Syrian refugees face hard winter for third year

Freezing conditions in Lebanon's Bekaa valley are making life even more difficult for Syrian refugees. Credit: Sam Tarling/Caritas

Freezing conditions in Lebanon’s Bekaa valley are making life even more difficult for Syrian refugees. Credit: Sam Tarling/Caritas

Fierce fighting in Syria continues to force families to flee the country for the third year. Now they face another crisis: winter. Temperatures are plummeting, making living conditions even more precarious for the refugees.

The number of Syrian refugees in Lebanon, Turkey, Jordan and Iraq is now over two million people. Most of them are women, children and the elderly.

Lebanon hosts the majority, where nearly one in five people is a Syrian refugee.

With rented accommodation too expensive, many Syrians have had to erect tents in Lebanon’s Bekaa Valley along the Syrian border or find shelter in abandoned buildings.

In Bekaa, refugees may have thought life couldn’t get much more bleak.
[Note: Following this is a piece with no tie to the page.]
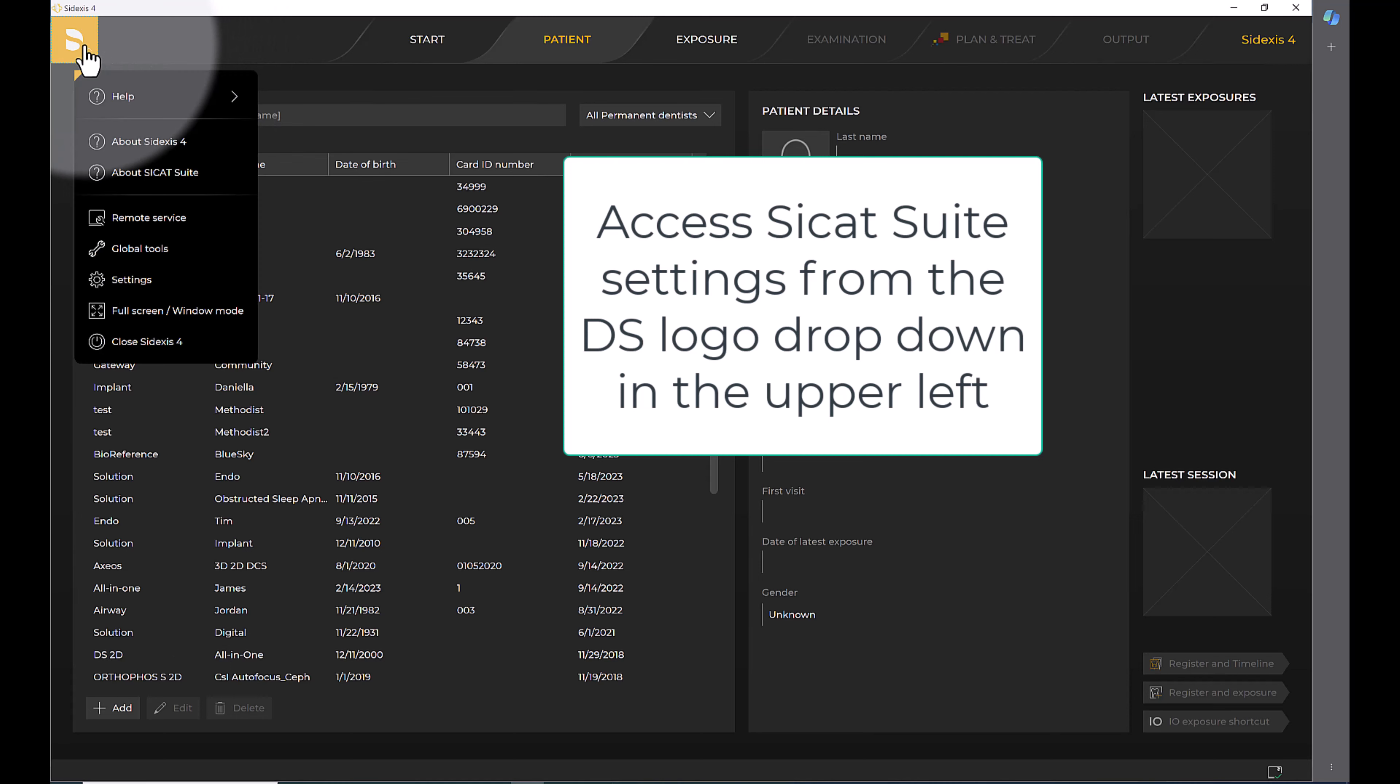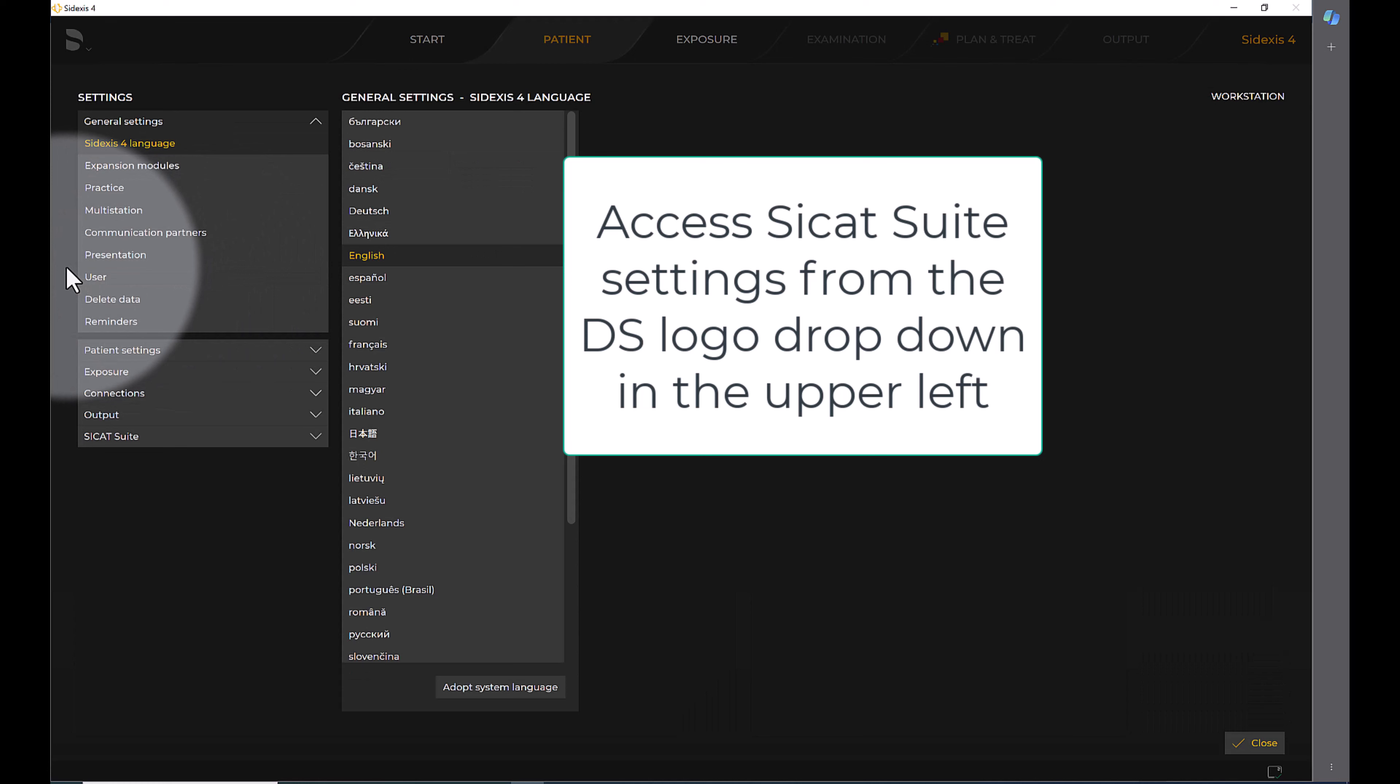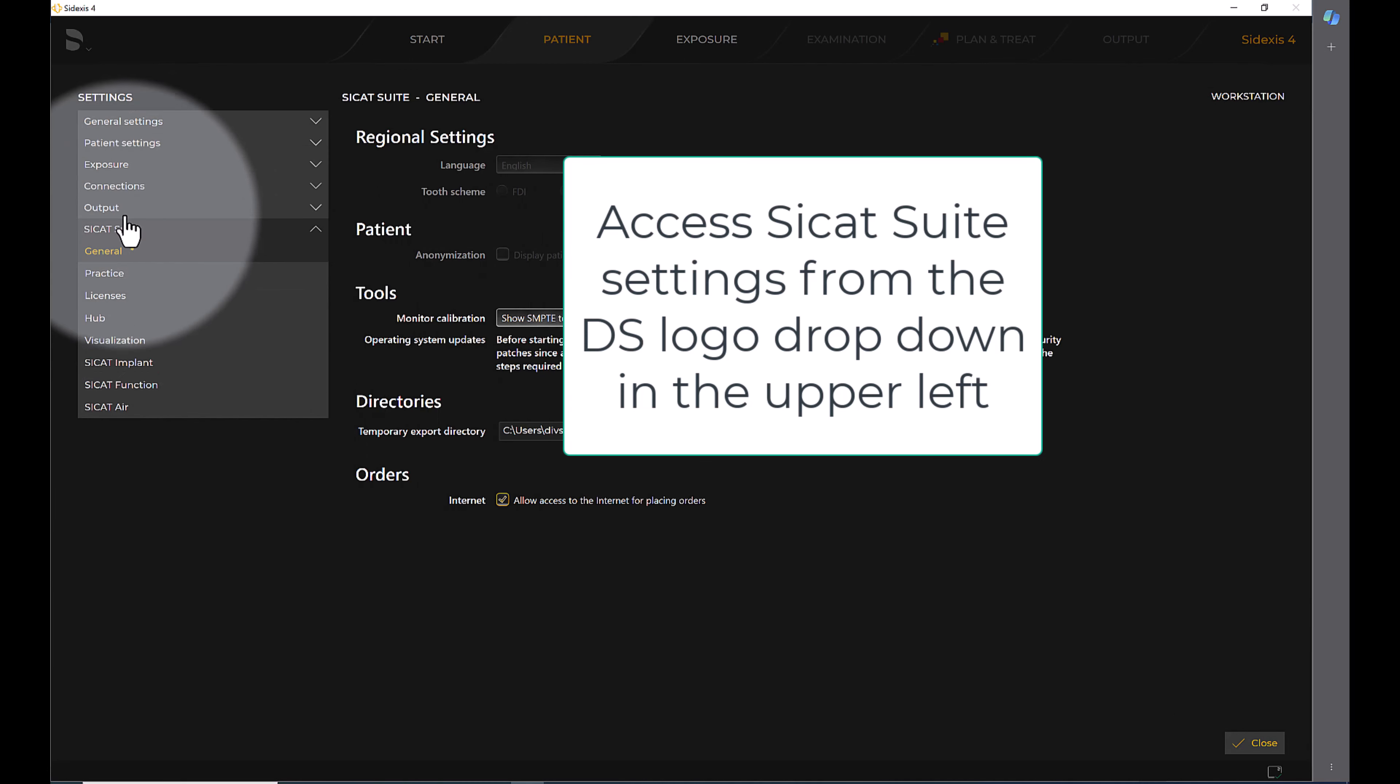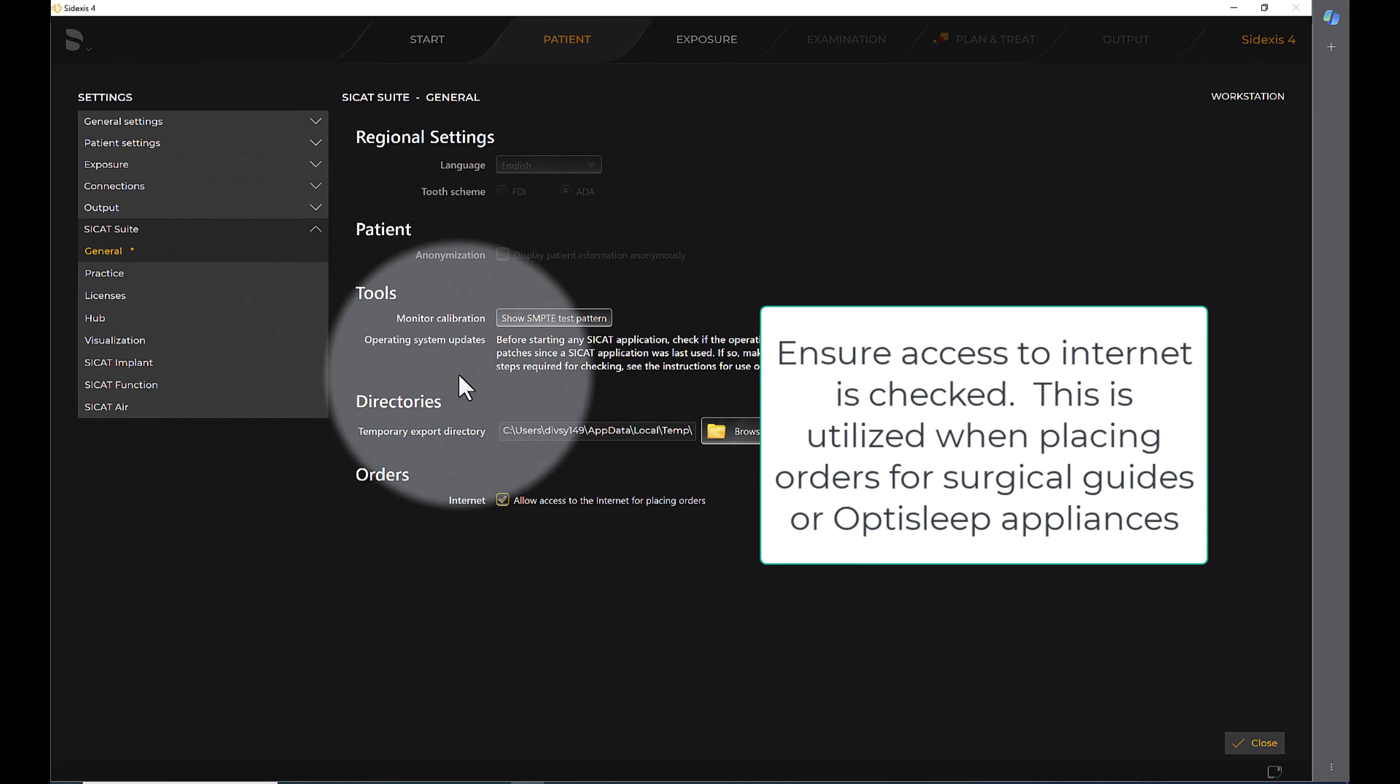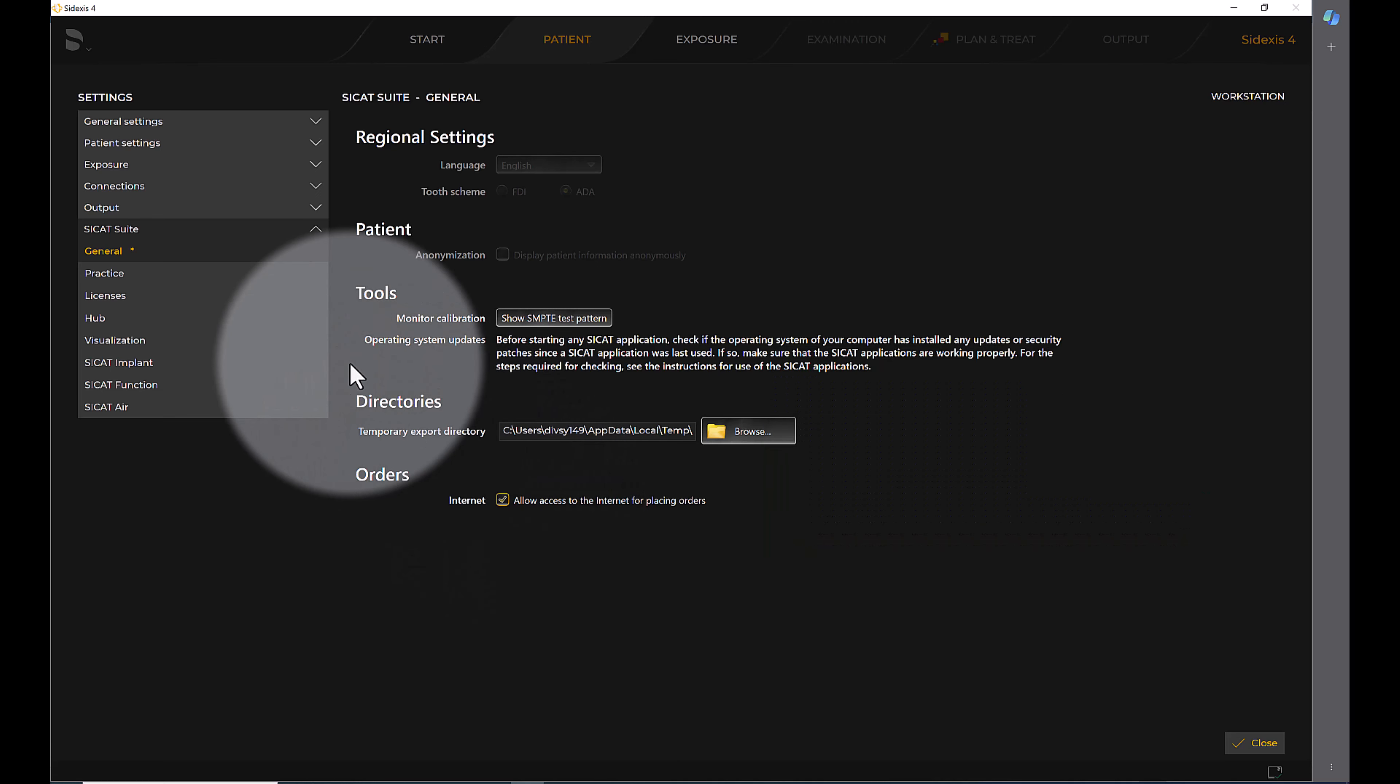Access CCAT Suite settings from the DS logo dropdown in the upper left. Ensure access to internet is checked. This is utilized when placing orders for surgical guides or OptiSleep appliances.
But winter storms have added to the misery.

Alexa, the first regional snow storm of the season, hit Lebanon in mid-December, pushing temperatures below freezing and bringing blizzards, heavy snow and rain in northern Lebanon and the Bekaa.

In these two areas, a large number of refugees are sheltering in tents and wood or tin shacks in more than 250 settlements spread out in fields and outskirts of towns and cities.

In some places, over 10 cm of snow has covered the ground and many children are walking barefoot in the freezing mud or puddles.

The heavy rain has caused roofs to collapse as well. Two little girls were killed when the ceiling of their two-story home collapsed in Zahleh in Bekaa.

Caritas Lebanon, the UN, the government and other aid agencies are working to distribute plastic sheets and wood planks to cover tents, along with heathers, fuel coupons, food aid and warm clothes.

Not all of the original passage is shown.